The report also chided John Grotzinger, the lead Curiosity project scientist at NASA’s Jet Propulsion Laboratory in Pasadena, California, for neglecting to show up in person during a Mars-focused senior review panel meeting in May. “This left the panel with the impression that the [Curiosity] team felt they were too big to fail,” the senior review panel wrote.

This sounds like a pissing war between scientists. Grotzinger didn’t give them the required deference so they slammed him. No matter happened, however, we know they weren’t going to cancel Curiosity’s funds.

An ISIS fighter’s previous job was working at American airport

Does this make you feel safer? One of the Americans killed while fighting for ISIS had previously held a job cleaning airplanes in Minnesota.

Multiple sources tell Fox 9 News that, for a time, he worked at a job that gave him security clearance at the airport, access to the tarmac and unfettered access to planes. Two former employees confirmed working with Muhumed at Delta Global Services, a wholly-owned subsidiary of Delta Airlines.

But hey, the TSA has us covered, focusing like a laser on sexually abusing American citizens rather than wasting time checking the security background of people who actually work at the airports!

People abandon obscure languages to gain prosperity

A new study has provided further proof that the main driving force behind the abandonment of obscure languages is the desire of people to gain economic wealth.

Of all the variables tested, economic growth was most strongly linked to language loss, Amano says.
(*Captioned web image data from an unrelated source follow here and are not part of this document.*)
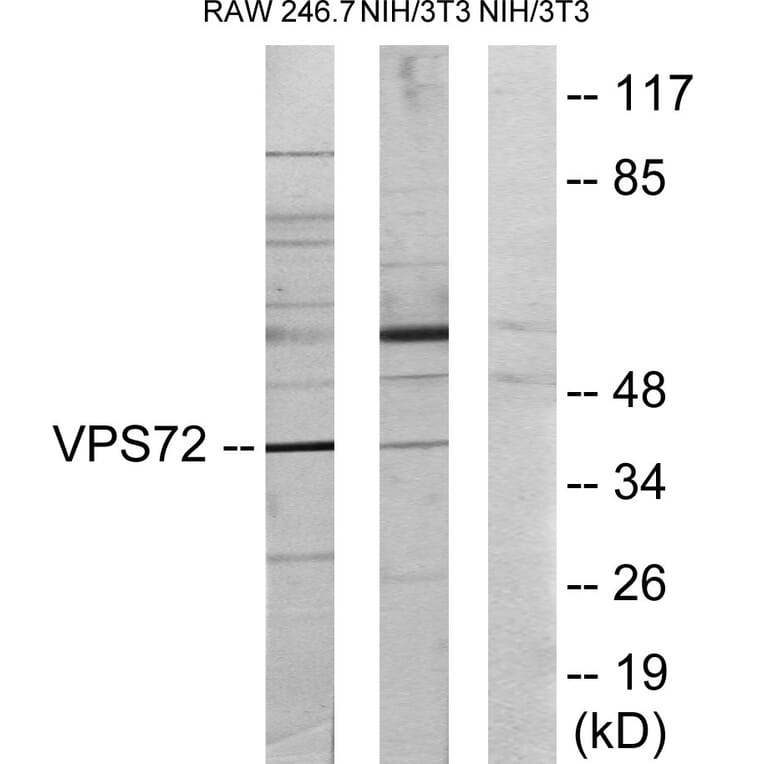 Western Blot - VPS72 Cell Based ELISA Kit (CB6034) - Antibodies.com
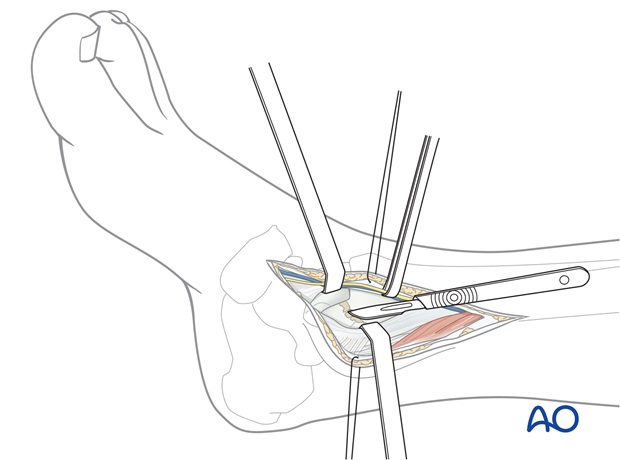 medial approach anterior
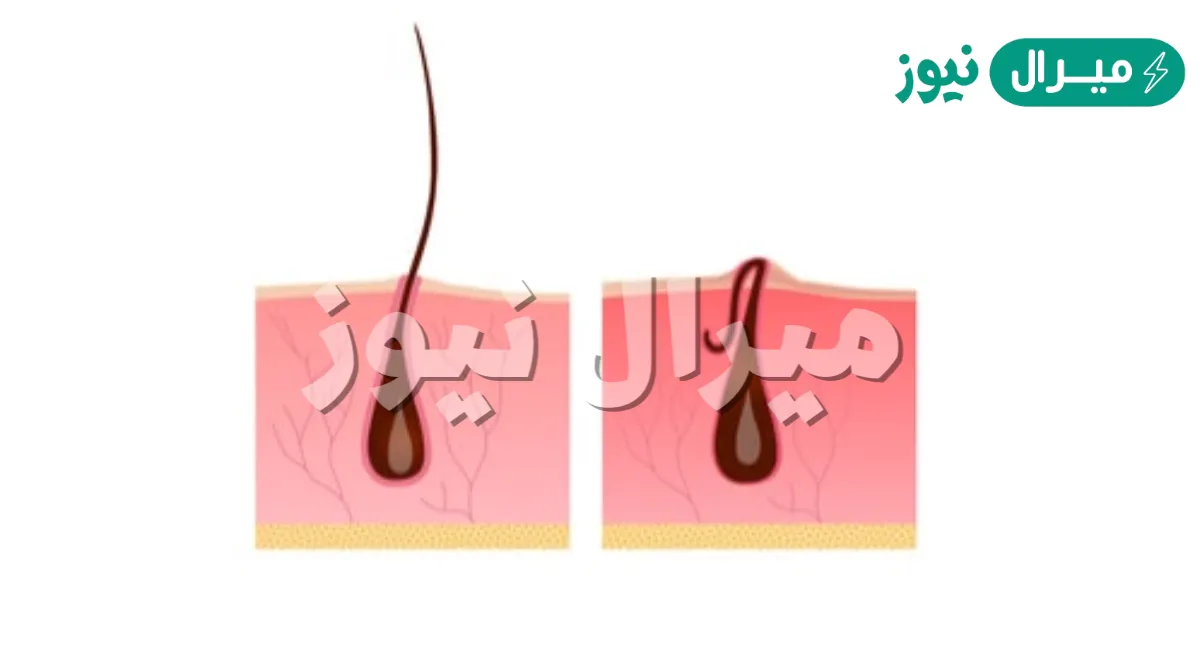 اقوى كريم لإزالة شعر الوجه والجسم كله من الجذور بمكون عجيب في منزلك وتبيض فوري للمناطق الداكنة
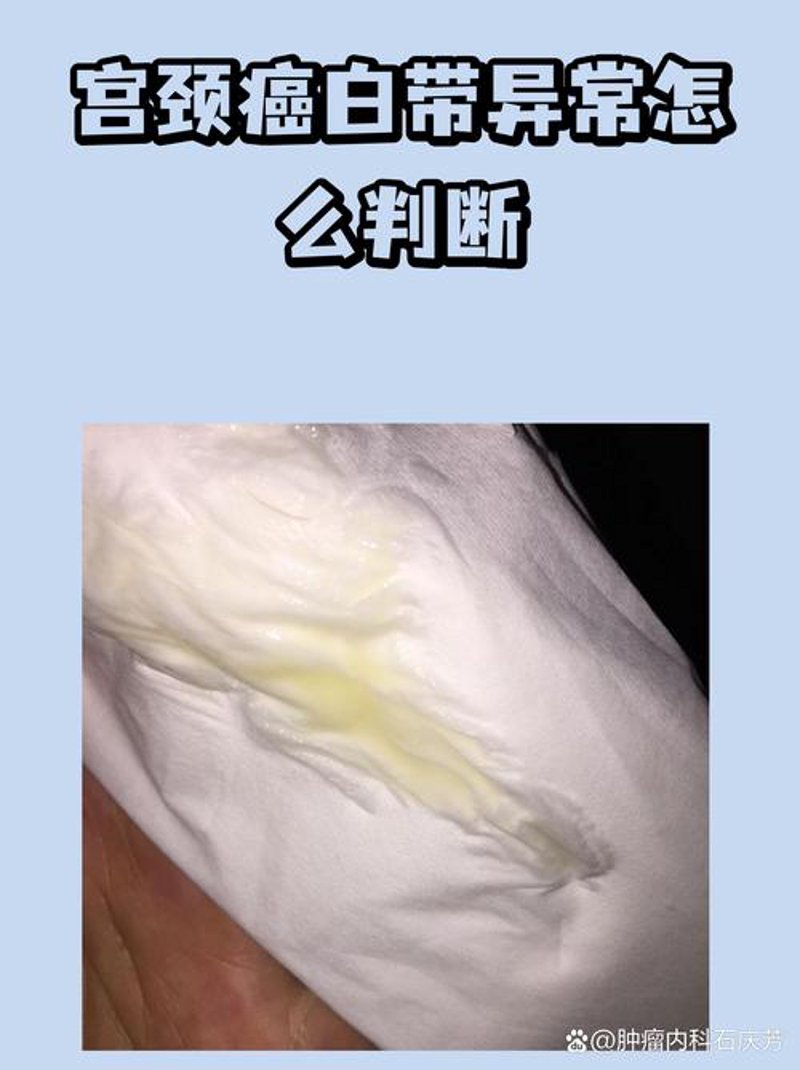 白带异常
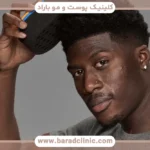 تبلیغات کاشت مو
Two types of language loss hotspots emerged from the study, published online today in the Proceedings of the Royal Society B. One was in economically well developed regions such as northwestern North America and northern Australia; a second was in economically developing regions such as the tropics and the Himalayas. Certain aspects of geography seemed to act as a buffer or threat, Amano says. For example, recent declines appear to occur faster in temperate climates than in the tropics or mountainous regions—perhaps because it is easier to travel in and out of temperate regions, Amano says.

As is usual for most of today’s modern intellectuals, already prosperous and speaking English, the author of the article as well as the researchers themselves lament the loss of obscure languages.
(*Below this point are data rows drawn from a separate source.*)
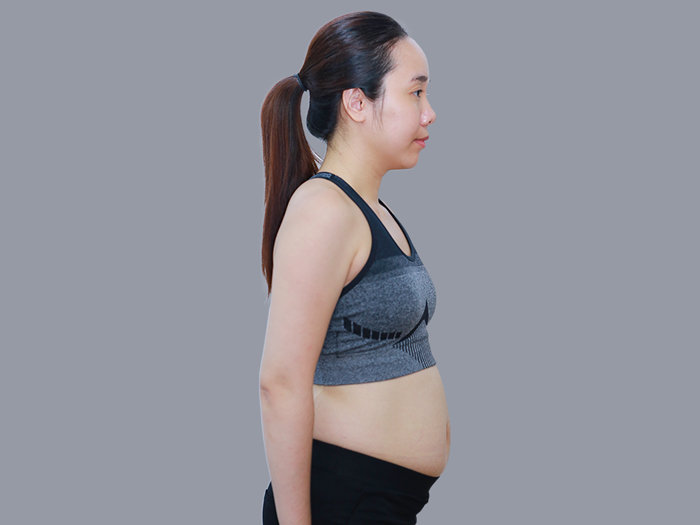 Sơ đồ phân vùng hút mỡ toàn thân bao gồm bắp tay lưng bụng và đùi trong quy trình tạo hình body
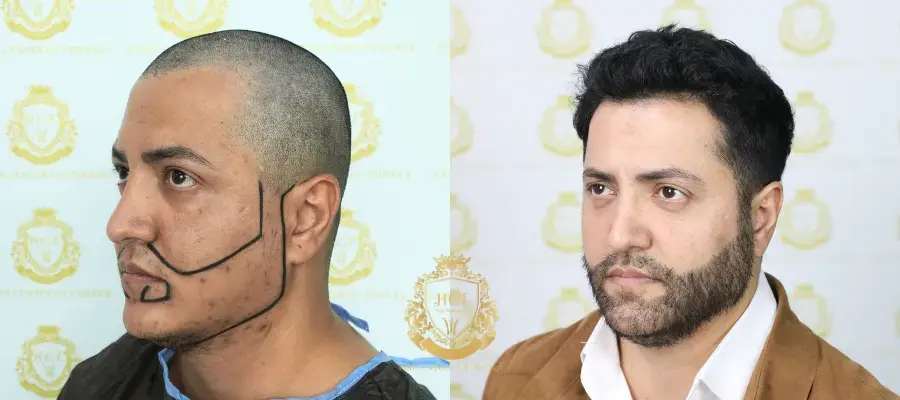 Por Que Os Pacientes Transgêneros Se Beneficiam De Um Plano Personalizado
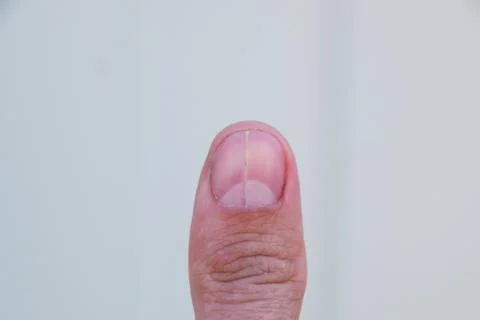 Forked nail on the thumb. Dilation of the nail, traumatic pathology. The na.. Stock Photos
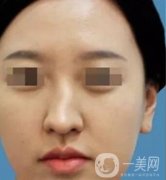 歪鼻是如何矯正的?要?jiǎng)庸穷^嗎?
Although the study is silent on the subject of interventions to help preserve endangered languages, there is a range of revitalization efforts that can serve as examples, such as the incorporation of the Hawaiian language into school curricula and daily government operations, she says.

In other words, ordinary people want to improve their lives by learning the dominant languages that provide a gateway to wealth, and these self-righteous prigs want to do whatever they can to interfere with that desire. How nice of them!
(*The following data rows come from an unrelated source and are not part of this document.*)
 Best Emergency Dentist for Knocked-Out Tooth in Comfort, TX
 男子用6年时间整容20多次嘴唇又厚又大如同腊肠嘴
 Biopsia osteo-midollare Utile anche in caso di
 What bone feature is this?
Vladimir Putin, space cadet

Two news stories today demonstrate without question that Russia’s newly reorganized aerospace industry and its project to build a new spaceport are not merely the efforts of mid-level bureaucrats in that aerospace industry.

No, these efforts have been instituted and are being pushed at the very top of the Russian government, by Vladmir Putin himself. It appears that he has decided, or has always believed, that Russia deserves a strong and vibrant space program, run from Moscow, and is doing everything he can to make it happen, as part of his personal vision for Russia.

The first story described a visit on Tuesday that Putin made to Russia’s new space port, Vostochny, in the far eastern end of Russia. While there he noted that construction is several months behind schedule and that this slack must be made up. He then endorsed the proposal put to him by space agency officials that the number of people working on construction should be doubled.

The second story described Putin’s endorsement of the construction of a new Russian heavy lift rocket, capable of putting 150 tons into orbit. Such a rocket would be comparable in power to the largest version of the U.S.’s SLS rocket, not due to be launched, if ever, until the 2020s.